Because of the variety of sampling rates in use in digital audio and the increasing use of audio sample resolutions beyond 16 bits it is important to ensure that the audio signal retains optimum sound quality when it is converted digitally from one rate or resolution to another. The question of sample rate conversion has already been covered to some extent earlier in this chapter, since it is closely related to the topic of synchronization. There is little more to be said here except to state that normally it is impossible to interconnect two devices digitally whose sampling rates differ by more than a tiny amount from one another, requiring that a sample rate convertor be used between the two. The question of differences in sample word length, though, will be covered in more detail.

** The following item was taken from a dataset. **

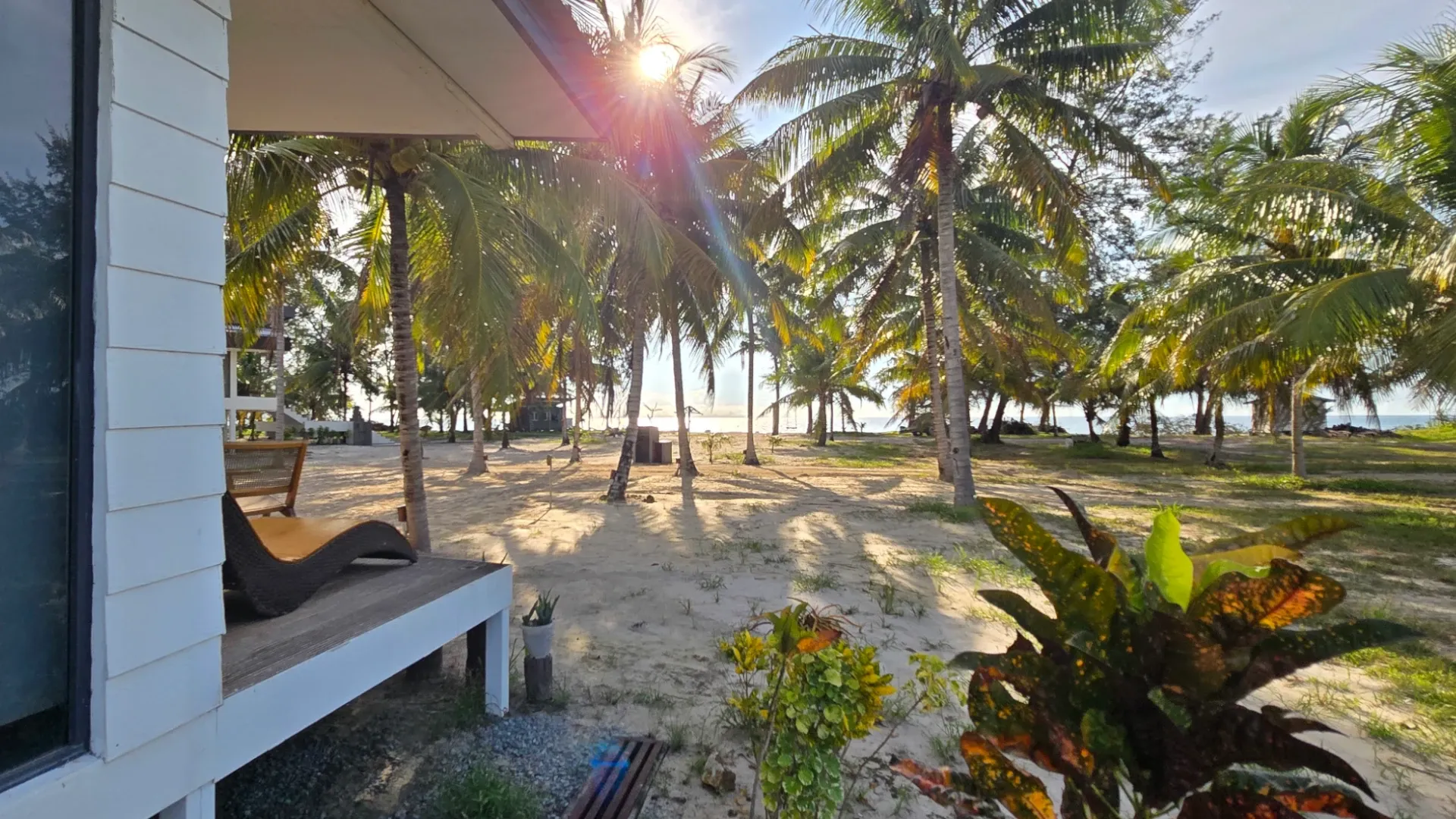 Eagle Bay Retreat Loft Villa Room Beach View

The standard two-channel interface allows for up to 24 bits of audio per sample, linearly encoded in fixed point form. Until recently only 16 of these were normally used, with the remaining bits set to zero and the MSB of the 16-bit sample in the bit 27 position, but the question now arises as to how to cope with signals of, say, 18- or 20-bit resolution when they are digitally connected to devices of lower resolution. A number of techniques can be used to process, say, a 20-bit signal to reduce its resolution to 16 bits. These range from straightforward truncation, through bit-shifting and redithering at the new resolution, to developments which involve intelligent rounding of the truncation error by noise shaping. In future it may be that professional digital audio devices will incorporate internal intelligent procedures to handle signals of a higher resolution than their internal architecture allows, but at the moment it is normally necessary to employ external processing of some kind at such a juncture.

Truncation is the worst possible solution and involves simply losing the least significant bits of the word. Without redithering the result of truncation is very unpleasant low-level distortion. If a 20-bit source were connected digitally to a 16-bit destination without any intermediate processing the result would normally be the straightforward truncation of the four LSBs.

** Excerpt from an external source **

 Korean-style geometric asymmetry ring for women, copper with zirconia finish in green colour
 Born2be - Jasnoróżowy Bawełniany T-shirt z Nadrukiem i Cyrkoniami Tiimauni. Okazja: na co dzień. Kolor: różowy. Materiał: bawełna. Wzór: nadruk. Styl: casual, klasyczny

The addition of dither noise in the digital domain at the point where resolution is reduced is a suitable means of improving the distortion situation and this has been implemented on some digital interface processors and in professional digital mixers. Some editors also have various dithering algorithms for this purpose. The process randomizes the quantizing error that results from word-length reduction by adding a pseudo-random number sequence of controlled amplitude and spectrum to the incoming audio data. In addition, if the full dynamic range of the digital signal has not been used by the programme material (if headroom has been left, for example) it may be possible to bit-shift the 20-bit samples upwards before truncating and redithering. That way more of the MSBs are used and less of the information contained in the LSBs is lost. This is achieved by a simple increase of gain in the digital domain prior to 16-bit transfer.

In the 1992 revision of the AES3 interface standard, provision is made for much more careful definition of the sample word length, such that receiving devices may optimize the transfer of data from a transmitter of different resolution. Standardization work has also gone on within the EBU to determine how analog signal levels should relate to digital signal levels, especially since 20-bit recording can be used on the audio tracks of digital video recorders . The conclusion reached was that one could not rely on correct implementation of byte 2 of channel status in devices using the AES3 interface in all cases, especially in older equipment. Irrespective of the number of bits, the only practical argument was for a fixed relationship to be used between analog and digital levels ¹³ .

Originally EBU Recommendation R-64 specified that analog alignment level (corresponding to a meter reading of PPM4 or 0 dBu electrically) should be set to read 12dB below full scale (i.e. -12dB FS) on a digital system. This was based on the dynamic range available from typical 16-bit convertors, and assumed that the finished programme's level would be well controlled. Since then 16-bit convertor technology has improved and because it was necessary to use the same alignment for 20-bit systems the new recommendation now specifies alignment level to be 18dB below full scale. This allows for an additional 6dB of operational headroom.